▸ **Exercise instructions**:
Everything in the listing except the pictures should be written out exactly.

▸ **Collected material**:
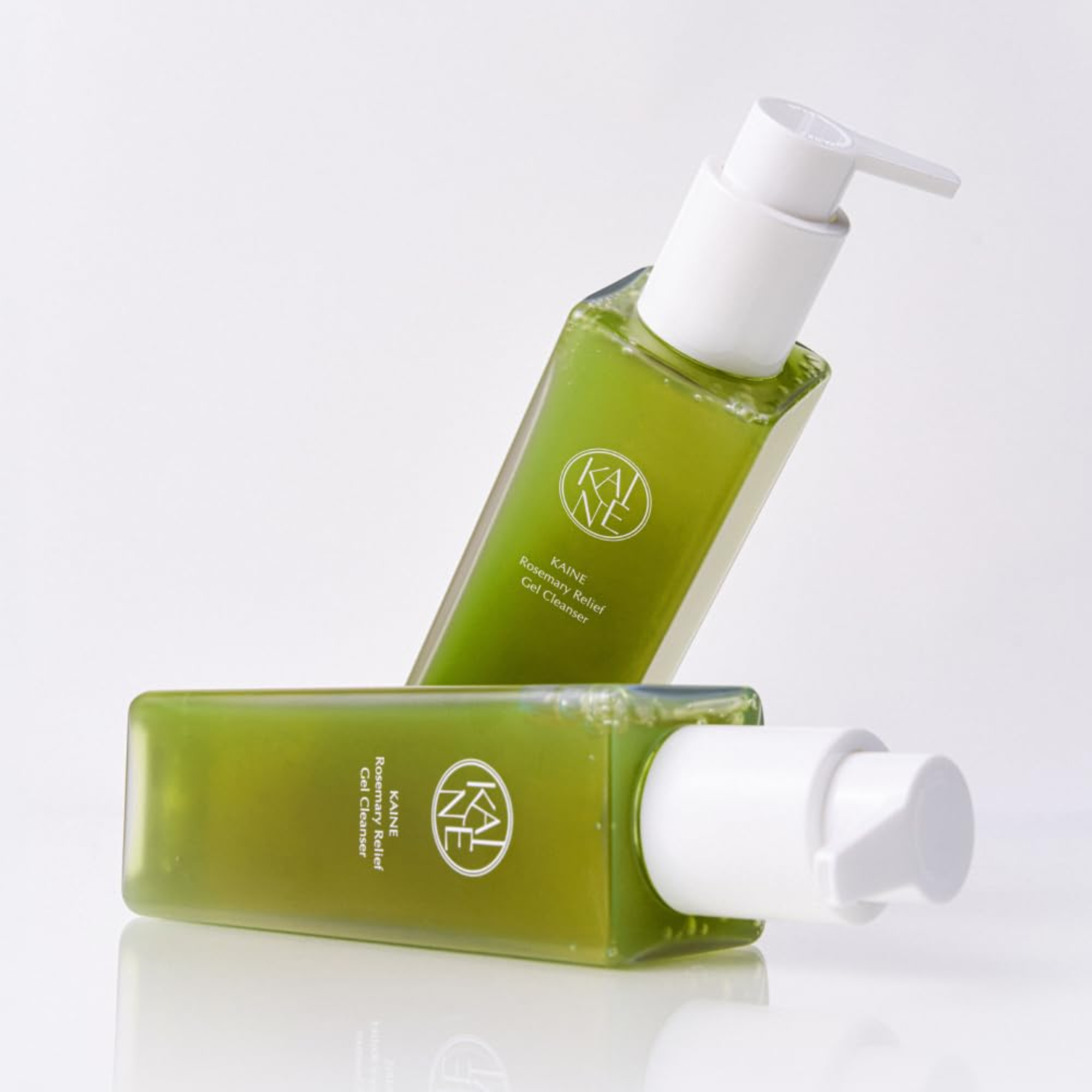 Rosemary Relief Gel Cleanser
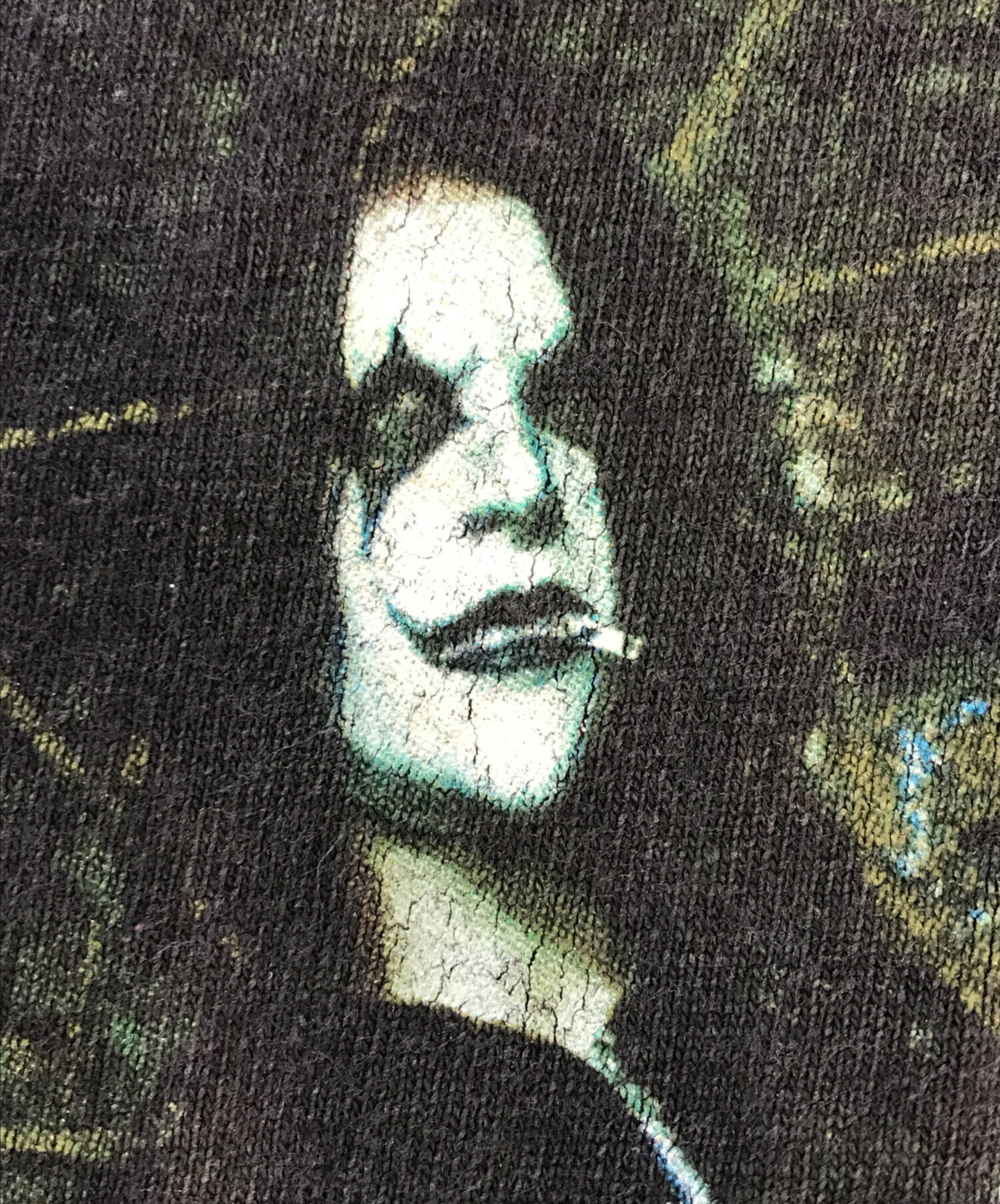 中古・古着通販】バンドTシャツ (バンドTシャツ) 00s Slipknot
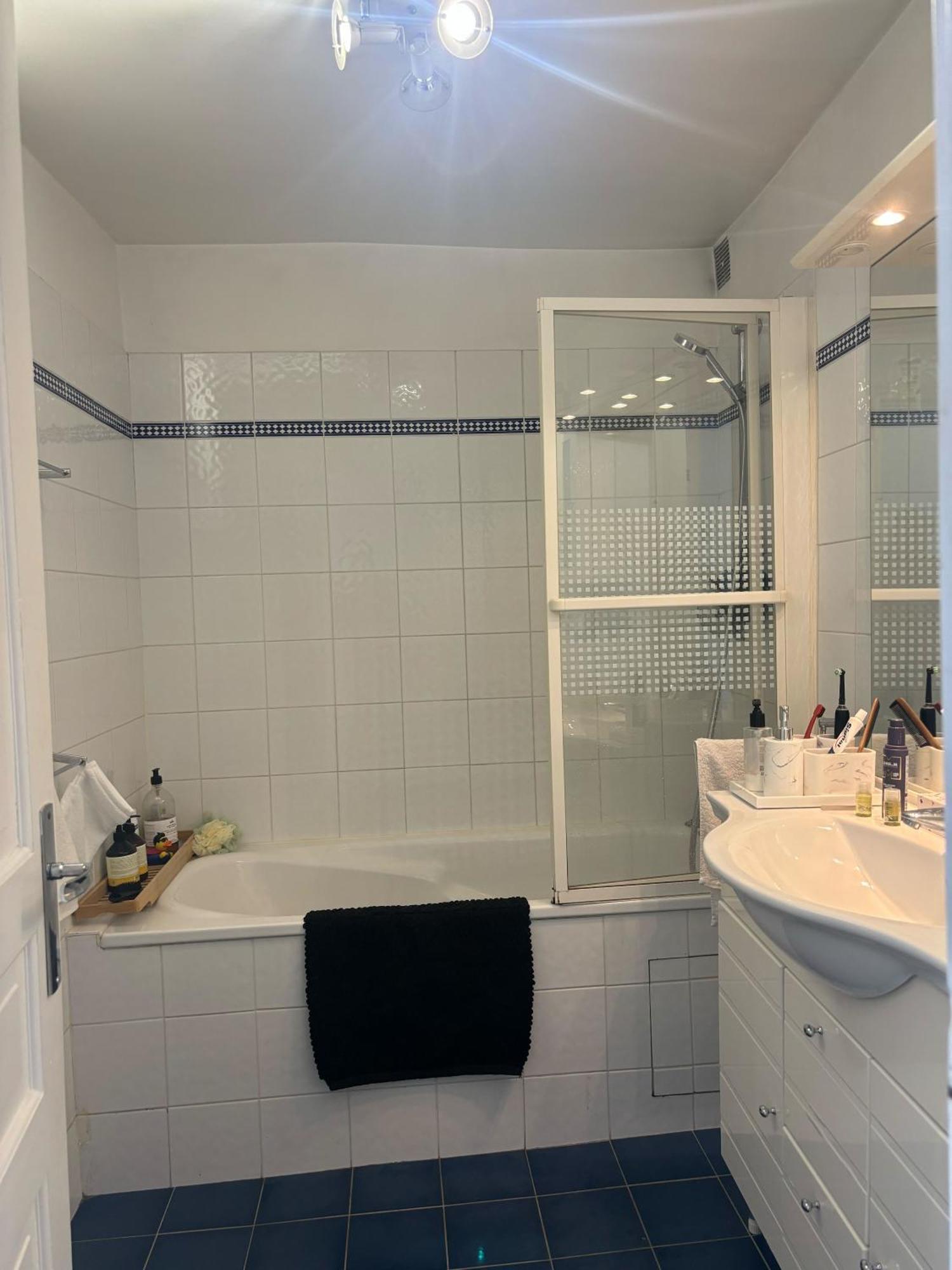 Chez Nico Appartamento Parigi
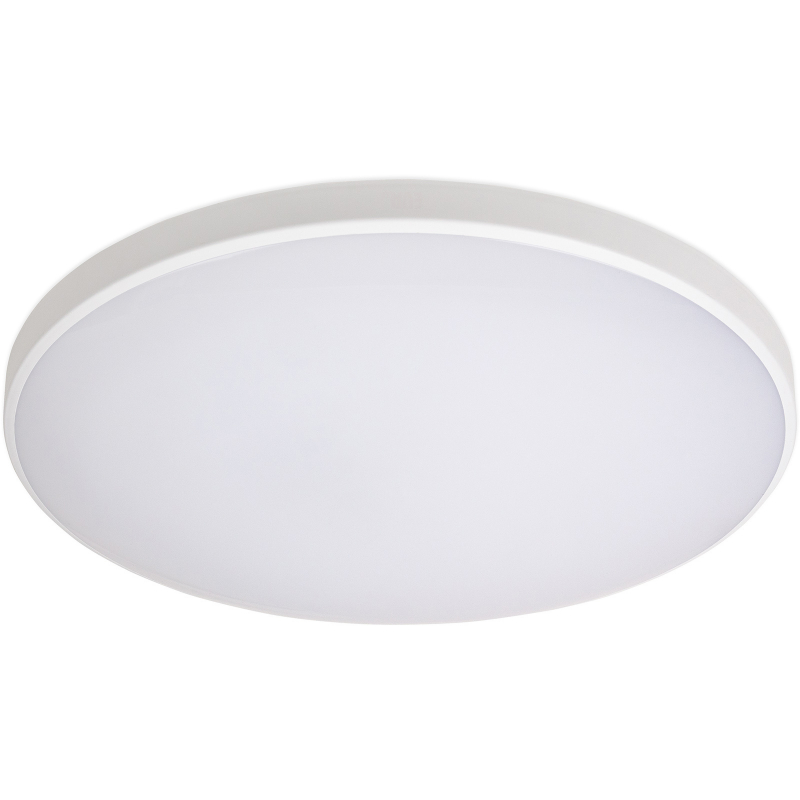 Sv�tlo venkovn� 1530lm/30cm/18W/4000K IP 44 kruh LED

▸ **Output below**:
 Rosemary Relief Gel Cleanser
 中古・古着通販】バンドTシャツ (バンドTシャツ) 00s Slipknot
 Chez Nico Appartamento Parigi
 Sv�tlo venkovn� 1530lm/30cm/18W/4000K IP 44 kruh LED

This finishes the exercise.